* _Source data_
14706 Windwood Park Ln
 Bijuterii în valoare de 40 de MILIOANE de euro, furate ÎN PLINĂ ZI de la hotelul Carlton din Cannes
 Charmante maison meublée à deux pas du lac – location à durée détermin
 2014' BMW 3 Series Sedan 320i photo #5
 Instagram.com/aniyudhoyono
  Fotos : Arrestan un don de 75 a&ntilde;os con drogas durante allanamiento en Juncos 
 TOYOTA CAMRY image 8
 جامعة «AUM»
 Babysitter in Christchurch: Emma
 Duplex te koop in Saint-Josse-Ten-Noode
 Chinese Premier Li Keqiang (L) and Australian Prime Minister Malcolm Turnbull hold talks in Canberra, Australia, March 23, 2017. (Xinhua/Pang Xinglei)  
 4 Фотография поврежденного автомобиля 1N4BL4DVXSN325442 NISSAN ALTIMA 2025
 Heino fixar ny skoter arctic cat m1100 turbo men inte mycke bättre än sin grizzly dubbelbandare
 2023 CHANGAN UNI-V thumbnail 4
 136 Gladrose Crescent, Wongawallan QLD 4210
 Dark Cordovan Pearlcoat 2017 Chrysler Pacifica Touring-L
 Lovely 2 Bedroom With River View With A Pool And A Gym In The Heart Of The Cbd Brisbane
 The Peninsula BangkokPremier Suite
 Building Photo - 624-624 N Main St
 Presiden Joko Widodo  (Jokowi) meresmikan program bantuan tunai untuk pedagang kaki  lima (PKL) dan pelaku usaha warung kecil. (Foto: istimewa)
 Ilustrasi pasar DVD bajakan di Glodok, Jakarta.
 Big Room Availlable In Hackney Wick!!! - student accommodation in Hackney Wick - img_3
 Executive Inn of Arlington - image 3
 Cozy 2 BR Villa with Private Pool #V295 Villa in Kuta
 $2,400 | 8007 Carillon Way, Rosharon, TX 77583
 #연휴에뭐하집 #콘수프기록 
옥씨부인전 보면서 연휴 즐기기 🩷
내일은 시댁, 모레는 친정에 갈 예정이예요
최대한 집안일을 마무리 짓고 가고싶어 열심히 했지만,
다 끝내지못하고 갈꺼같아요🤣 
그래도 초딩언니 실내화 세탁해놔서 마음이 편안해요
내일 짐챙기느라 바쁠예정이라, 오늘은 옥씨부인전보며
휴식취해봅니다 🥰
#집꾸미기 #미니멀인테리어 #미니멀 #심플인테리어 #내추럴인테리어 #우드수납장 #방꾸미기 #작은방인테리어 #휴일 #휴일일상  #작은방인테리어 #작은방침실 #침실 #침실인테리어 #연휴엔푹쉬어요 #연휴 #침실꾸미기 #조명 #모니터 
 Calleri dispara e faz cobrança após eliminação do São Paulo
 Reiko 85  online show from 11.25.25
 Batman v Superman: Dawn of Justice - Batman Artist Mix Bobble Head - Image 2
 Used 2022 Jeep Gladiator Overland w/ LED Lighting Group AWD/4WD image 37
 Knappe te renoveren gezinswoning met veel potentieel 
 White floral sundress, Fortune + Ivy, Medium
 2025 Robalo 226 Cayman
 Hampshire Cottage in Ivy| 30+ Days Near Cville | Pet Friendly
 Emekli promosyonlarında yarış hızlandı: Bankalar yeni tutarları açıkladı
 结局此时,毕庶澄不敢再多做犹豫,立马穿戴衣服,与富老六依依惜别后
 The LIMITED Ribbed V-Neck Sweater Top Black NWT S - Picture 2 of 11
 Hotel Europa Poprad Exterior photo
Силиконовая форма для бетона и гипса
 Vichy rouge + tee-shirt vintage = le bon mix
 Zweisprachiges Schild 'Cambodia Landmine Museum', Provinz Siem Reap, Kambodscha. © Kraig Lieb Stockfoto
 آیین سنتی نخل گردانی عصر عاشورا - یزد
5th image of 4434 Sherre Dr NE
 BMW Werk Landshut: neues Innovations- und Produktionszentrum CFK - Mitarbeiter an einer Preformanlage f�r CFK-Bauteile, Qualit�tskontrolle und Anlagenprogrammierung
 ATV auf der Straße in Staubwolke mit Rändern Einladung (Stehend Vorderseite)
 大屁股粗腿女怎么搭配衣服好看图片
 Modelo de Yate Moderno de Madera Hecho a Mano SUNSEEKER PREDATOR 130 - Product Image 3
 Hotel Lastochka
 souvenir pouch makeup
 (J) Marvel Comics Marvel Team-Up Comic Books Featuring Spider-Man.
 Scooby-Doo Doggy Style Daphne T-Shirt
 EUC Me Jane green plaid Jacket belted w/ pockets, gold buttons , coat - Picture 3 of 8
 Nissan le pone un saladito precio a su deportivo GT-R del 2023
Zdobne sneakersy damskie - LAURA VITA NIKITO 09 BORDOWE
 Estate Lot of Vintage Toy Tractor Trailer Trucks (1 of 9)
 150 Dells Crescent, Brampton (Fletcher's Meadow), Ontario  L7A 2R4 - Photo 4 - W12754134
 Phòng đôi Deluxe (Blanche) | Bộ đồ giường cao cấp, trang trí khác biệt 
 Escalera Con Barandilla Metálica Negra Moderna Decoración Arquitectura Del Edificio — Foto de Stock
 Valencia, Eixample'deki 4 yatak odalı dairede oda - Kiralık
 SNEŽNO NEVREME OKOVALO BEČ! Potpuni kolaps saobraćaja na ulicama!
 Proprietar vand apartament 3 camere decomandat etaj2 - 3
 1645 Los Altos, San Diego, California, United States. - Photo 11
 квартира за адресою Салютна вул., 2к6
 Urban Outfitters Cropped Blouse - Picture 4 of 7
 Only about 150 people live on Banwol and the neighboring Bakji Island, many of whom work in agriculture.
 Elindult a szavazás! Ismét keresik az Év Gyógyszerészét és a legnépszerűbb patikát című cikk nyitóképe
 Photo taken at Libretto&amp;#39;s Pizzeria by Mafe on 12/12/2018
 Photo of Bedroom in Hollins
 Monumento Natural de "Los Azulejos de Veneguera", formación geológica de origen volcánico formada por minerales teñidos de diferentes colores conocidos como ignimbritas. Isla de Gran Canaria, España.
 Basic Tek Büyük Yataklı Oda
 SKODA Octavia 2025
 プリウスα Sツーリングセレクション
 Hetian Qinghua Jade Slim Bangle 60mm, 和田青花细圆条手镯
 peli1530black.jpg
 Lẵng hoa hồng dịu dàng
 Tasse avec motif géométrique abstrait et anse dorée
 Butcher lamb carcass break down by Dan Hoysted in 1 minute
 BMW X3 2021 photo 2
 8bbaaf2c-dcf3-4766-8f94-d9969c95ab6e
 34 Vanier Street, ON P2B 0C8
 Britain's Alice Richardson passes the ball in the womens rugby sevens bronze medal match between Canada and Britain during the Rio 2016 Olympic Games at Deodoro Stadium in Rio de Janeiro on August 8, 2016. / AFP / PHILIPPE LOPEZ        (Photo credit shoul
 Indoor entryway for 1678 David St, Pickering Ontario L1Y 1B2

* _Directions for this task_
All lines in the listing above from the line containing "Hotel Lastochka" to the line containing "квартира за адресою Салютна вул., 2к6", inclusive, should be retyped exactly; no other lines should appear.

* _Written answer_
 Hotel Lastochka
 souvenir pouch makeup
 (J) Marvel Comics Marvel Team-Up Comic Books Featuring Spider-Man.
 Scooby-Doo Doggy Style Daphne T-Shirt
 EUC Me Jane green plaid Jacket belted w/ pockets, gold buttons , coat - Picture 3 of 8
 Nissan le pone un saladito precio a su deportivo GT-R del 2023
Zdobne sneakersy damskie - LAURA VITA NIKITO 09 BORDOWE
 Estate Lot of Vintage Toy Tractor Trailer Trucks (1 of 9)
 150 Dells Crescent, Brampton (Fletcher's Meadow), Ontario  L7A 2R4 - Photo 4 - W12754134
 Phòng đôi Deluxe (Blanche) | Bộ đồ giường cao cấp, trang trí khác biệt 
 Escalera Con Barandilla Metálica Negra Moderna Decoración Arquitectura Del Edificio — Foto de Stock
 Valencia, Eixample'deki 4 yatak odalı dairede oda - Kiralık
 SNEŽNO NEVREME OKOVALO BEČ! Potpuni kolaps saobraćaja na ulicama!
 Proprietar vand apartament 3 camere decomandat etaj2 - 3
 1645 Los Altos, San Diego, California, United States. - Photo 11
 квартира за адресою Салютна вул., 2к6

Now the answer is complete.